Find each line below that includes "with", then copy it.

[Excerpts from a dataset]
=======
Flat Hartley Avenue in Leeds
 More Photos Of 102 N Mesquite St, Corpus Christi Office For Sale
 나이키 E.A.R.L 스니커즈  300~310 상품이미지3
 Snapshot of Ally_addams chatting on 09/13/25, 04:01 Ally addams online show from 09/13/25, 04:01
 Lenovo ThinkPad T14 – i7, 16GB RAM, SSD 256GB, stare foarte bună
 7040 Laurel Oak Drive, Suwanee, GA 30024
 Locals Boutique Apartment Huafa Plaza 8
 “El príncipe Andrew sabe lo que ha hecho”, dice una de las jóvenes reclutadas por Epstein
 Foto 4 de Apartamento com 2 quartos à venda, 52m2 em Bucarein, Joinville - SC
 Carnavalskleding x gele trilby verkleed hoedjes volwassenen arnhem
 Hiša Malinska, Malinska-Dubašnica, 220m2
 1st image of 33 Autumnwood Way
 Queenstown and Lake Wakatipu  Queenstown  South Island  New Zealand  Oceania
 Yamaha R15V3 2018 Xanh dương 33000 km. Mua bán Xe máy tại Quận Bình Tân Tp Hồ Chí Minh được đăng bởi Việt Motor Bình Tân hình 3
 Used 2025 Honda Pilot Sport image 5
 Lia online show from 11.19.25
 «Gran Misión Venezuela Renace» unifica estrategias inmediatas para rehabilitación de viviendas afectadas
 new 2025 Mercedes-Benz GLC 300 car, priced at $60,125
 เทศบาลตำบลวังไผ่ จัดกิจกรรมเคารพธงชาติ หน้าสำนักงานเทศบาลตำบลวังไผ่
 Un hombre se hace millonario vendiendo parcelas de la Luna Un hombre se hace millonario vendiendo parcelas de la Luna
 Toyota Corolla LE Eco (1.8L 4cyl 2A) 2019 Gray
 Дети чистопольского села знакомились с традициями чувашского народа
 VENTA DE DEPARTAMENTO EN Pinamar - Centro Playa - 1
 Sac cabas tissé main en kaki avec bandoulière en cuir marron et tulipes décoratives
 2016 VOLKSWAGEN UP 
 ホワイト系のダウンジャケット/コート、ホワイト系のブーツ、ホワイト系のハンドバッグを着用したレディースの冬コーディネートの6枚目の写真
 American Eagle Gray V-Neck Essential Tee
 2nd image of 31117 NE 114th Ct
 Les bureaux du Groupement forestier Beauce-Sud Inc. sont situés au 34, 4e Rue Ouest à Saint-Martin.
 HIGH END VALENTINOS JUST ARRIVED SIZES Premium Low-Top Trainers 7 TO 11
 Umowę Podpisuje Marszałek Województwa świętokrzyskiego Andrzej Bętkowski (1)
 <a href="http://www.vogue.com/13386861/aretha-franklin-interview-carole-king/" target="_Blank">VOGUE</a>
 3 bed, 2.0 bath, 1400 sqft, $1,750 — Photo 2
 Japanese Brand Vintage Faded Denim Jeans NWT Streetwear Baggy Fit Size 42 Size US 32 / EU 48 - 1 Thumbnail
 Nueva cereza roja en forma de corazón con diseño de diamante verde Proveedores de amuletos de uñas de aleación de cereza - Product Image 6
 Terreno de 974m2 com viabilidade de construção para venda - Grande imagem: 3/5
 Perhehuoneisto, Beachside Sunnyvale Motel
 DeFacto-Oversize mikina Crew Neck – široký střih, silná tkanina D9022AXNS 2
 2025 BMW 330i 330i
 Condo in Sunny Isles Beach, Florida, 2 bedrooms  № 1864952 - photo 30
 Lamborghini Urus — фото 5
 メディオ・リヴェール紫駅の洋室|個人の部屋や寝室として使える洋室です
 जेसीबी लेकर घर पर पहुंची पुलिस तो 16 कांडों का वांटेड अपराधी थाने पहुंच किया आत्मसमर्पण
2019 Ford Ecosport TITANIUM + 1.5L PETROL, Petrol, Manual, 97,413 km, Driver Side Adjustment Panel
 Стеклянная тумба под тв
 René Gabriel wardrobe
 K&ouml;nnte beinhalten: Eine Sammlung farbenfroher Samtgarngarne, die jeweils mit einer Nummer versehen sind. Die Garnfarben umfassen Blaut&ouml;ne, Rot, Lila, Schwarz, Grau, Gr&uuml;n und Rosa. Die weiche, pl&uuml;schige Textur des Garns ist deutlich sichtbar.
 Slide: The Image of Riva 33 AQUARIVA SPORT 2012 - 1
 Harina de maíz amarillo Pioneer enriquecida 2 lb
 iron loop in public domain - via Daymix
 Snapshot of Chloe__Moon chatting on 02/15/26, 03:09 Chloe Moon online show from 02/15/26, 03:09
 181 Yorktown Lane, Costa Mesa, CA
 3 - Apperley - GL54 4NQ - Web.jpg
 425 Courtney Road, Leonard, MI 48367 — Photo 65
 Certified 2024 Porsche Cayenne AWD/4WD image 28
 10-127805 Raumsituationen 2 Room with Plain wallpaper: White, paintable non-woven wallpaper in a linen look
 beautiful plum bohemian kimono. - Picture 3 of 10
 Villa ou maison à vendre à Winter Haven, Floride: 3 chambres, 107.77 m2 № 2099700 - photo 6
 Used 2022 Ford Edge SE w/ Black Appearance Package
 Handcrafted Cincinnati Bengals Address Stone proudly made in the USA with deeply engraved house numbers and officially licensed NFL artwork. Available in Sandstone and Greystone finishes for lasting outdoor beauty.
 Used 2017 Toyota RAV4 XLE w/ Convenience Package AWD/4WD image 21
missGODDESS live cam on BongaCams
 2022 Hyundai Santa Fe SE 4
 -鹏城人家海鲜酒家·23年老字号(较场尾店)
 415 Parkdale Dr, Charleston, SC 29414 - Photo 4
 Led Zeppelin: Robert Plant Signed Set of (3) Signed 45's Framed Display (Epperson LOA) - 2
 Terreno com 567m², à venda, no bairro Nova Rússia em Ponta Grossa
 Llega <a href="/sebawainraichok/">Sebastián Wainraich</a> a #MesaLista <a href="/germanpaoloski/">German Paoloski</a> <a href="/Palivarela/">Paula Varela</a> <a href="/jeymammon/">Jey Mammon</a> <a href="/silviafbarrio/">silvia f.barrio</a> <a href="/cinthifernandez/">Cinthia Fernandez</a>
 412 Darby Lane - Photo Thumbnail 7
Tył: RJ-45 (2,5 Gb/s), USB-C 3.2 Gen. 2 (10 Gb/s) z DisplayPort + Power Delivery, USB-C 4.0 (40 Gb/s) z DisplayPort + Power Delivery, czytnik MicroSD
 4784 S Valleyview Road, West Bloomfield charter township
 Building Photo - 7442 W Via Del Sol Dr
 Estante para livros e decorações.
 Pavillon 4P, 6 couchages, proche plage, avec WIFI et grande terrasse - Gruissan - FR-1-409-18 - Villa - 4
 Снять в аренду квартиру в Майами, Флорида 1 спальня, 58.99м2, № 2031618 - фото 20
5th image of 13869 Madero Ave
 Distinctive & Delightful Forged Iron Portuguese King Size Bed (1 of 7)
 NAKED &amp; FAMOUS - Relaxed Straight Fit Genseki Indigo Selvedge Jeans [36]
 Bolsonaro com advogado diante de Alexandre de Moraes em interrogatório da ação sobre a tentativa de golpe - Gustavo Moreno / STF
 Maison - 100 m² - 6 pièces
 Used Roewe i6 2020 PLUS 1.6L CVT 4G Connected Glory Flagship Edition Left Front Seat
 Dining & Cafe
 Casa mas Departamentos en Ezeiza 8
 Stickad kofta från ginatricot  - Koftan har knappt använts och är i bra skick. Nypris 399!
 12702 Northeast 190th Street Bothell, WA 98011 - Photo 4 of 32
=======
### Solution for this exercise
 10-127805 Raumsituationen 2 Room with Plain wallpaper: White, paintable non-woven wallpaper in a linen look
 Handcrafted Cincinnati Bengals Address Stone proudly made in the USA with deeply engraved house numbers and officially licensed NFL artwork. Available in Sandstone and Greystone finishes for lasting outdoor beauty.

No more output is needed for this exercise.